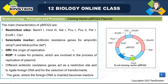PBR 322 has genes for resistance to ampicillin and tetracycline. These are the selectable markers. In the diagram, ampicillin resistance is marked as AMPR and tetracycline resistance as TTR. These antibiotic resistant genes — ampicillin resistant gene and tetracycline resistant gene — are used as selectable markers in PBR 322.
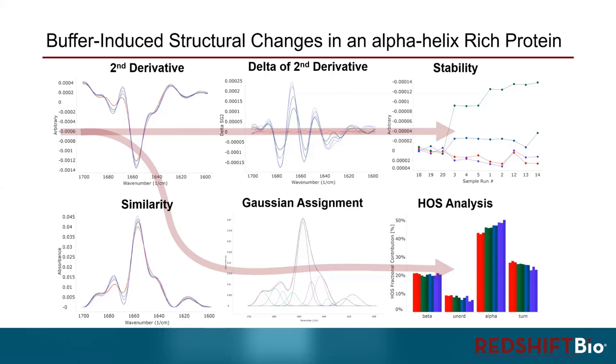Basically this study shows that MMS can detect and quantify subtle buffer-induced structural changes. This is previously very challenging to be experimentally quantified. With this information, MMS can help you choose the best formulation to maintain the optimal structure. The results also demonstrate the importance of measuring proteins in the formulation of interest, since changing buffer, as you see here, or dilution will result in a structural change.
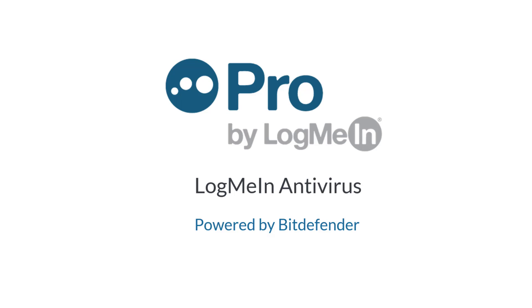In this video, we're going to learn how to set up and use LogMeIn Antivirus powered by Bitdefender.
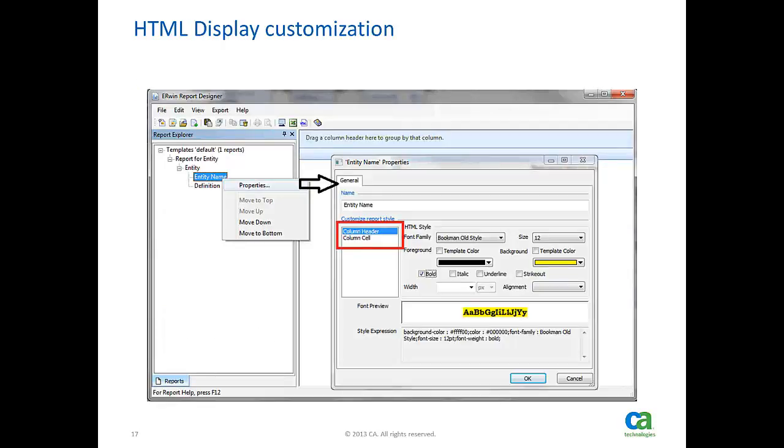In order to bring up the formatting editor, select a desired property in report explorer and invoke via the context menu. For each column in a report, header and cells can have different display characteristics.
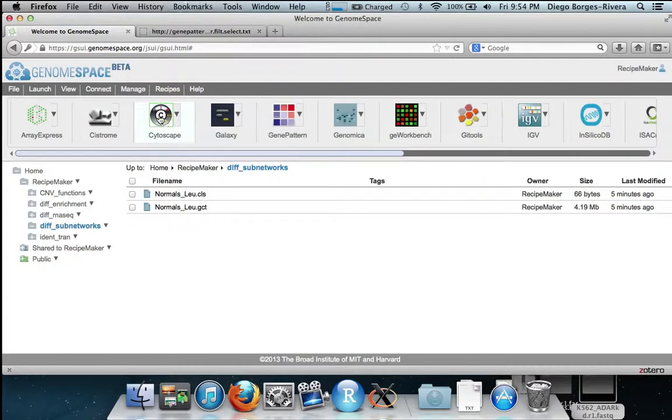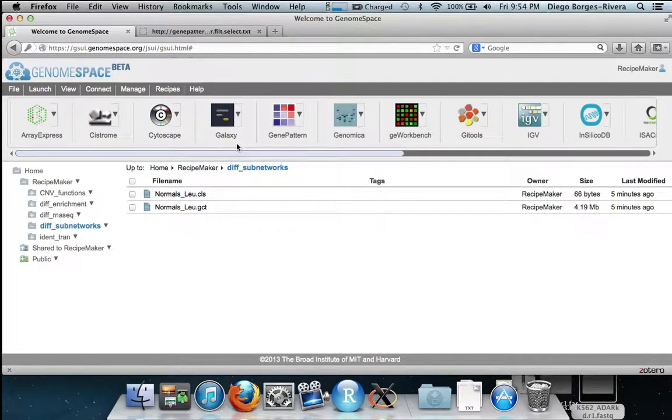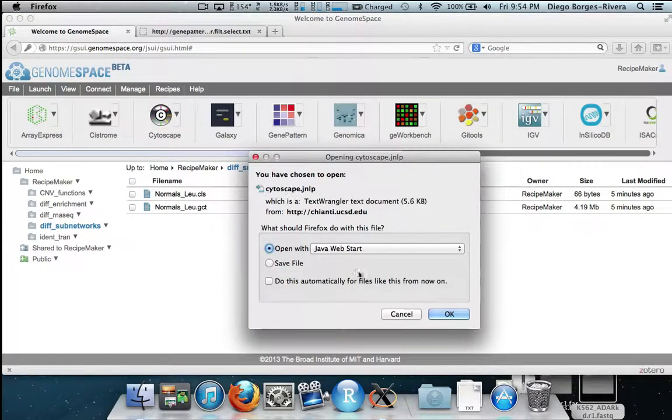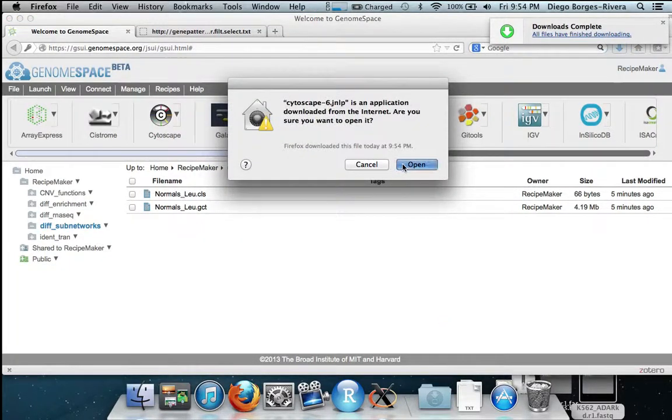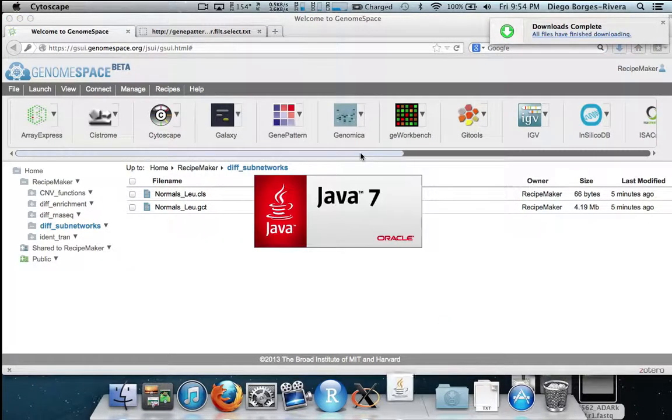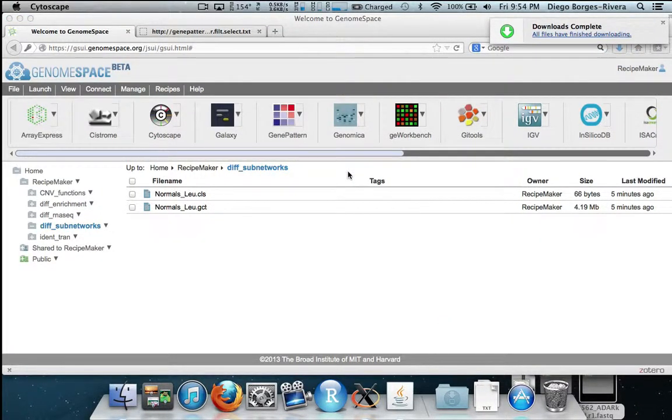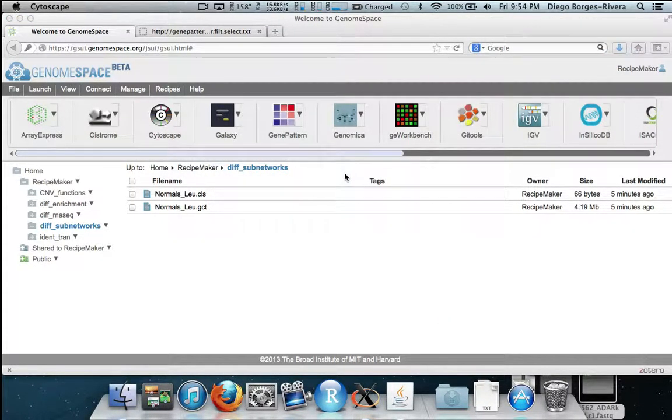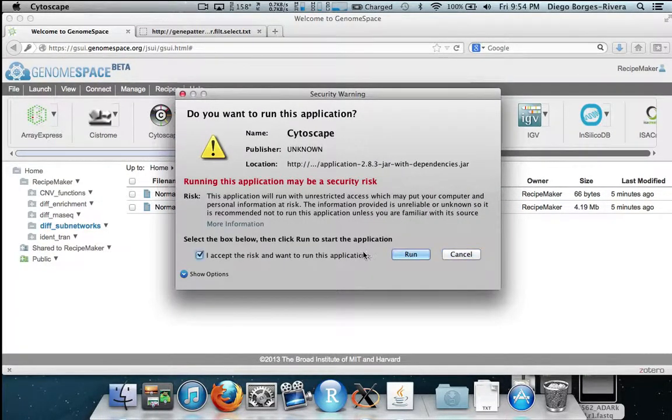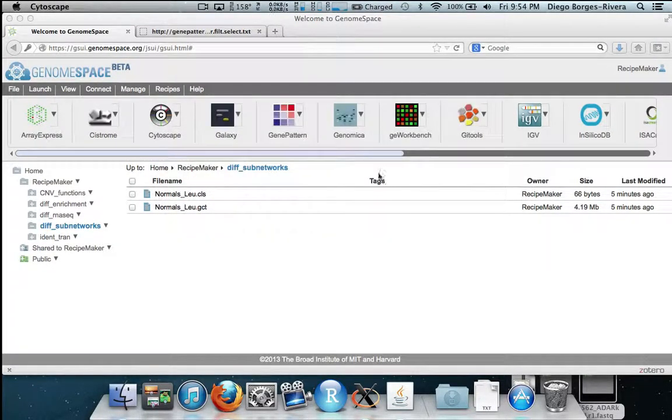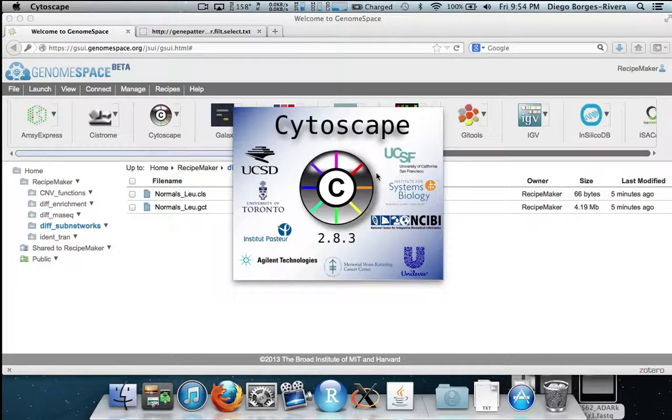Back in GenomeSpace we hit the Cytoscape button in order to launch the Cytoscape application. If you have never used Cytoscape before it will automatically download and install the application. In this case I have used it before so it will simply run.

---

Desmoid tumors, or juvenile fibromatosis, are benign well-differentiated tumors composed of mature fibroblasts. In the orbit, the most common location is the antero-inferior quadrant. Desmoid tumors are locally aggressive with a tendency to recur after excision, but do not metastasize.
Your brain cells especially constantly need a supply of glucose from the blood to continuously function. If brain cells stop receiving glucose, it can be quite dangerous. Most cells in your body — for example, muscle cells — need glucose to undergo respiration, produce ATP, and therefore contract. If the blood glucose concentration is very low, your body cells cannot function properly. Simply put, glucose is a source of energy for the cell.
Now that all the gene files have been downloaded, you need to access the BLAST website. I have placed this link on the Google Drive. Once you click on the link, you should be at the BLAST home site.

...

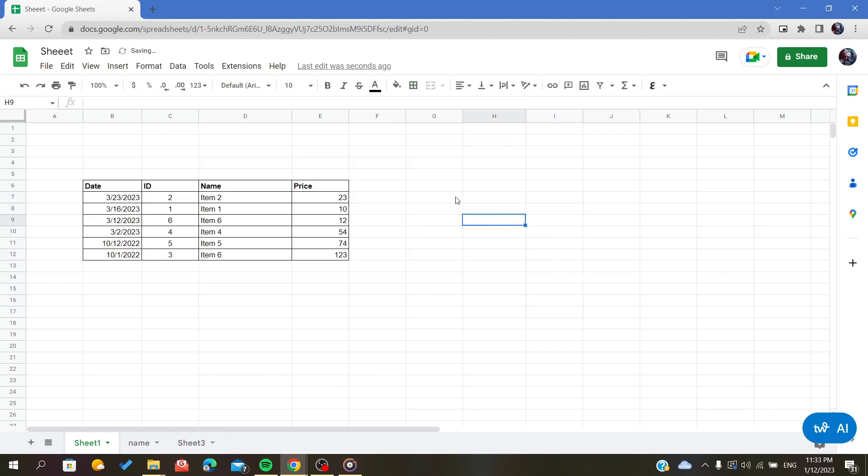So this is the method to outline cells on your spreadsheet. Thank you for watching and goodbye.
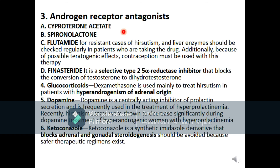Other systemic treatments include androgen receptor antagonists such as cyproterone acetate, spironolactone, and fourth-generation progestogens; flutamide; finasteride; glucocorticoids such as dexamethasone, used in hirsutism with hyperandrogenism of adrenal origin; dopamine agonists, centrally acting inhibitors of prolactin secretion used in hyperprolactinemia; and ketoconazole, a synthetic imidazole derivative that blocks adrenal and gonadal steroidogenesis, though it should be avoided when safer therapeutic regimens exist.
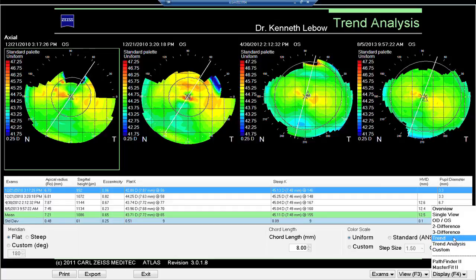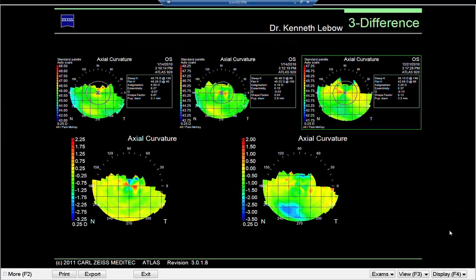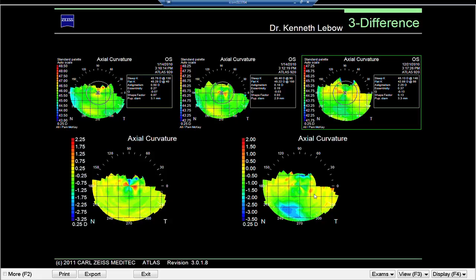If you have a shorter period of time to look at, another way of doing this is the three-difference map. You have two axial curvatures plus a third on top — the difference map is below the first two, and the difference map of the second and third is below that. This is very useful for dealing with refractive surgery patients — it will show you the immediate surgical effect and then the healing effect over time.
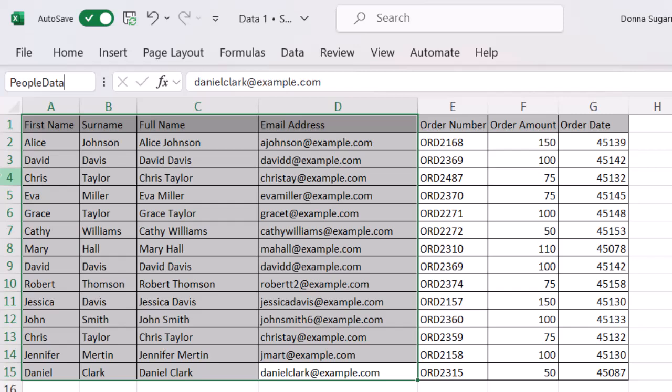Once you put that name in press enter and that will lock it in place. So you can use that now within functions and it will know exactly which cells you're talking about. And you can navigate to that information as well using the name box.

Exercise description: Give again the stretch of lines above from the one with "In this video, we're" through the one with "Back in GenomeSpace", both ends kept, and copy no pictures.

Answer to this exercise:
In this video, we're going to learn how to set up and use LogMeIn Antivirus powered by Bitdefender.
In order to bring up the formatting editor, select a desired property in report explorer and invoke via the context menu. For each column in a report, header and cells can have different display characteristics.
Back in GenomeSpace we hit the Cytoscape button in order to launch the Cytoscape application. If you have never used Cytoscape before it will automatically download and install the application. In this case I have used it before so it will simply run.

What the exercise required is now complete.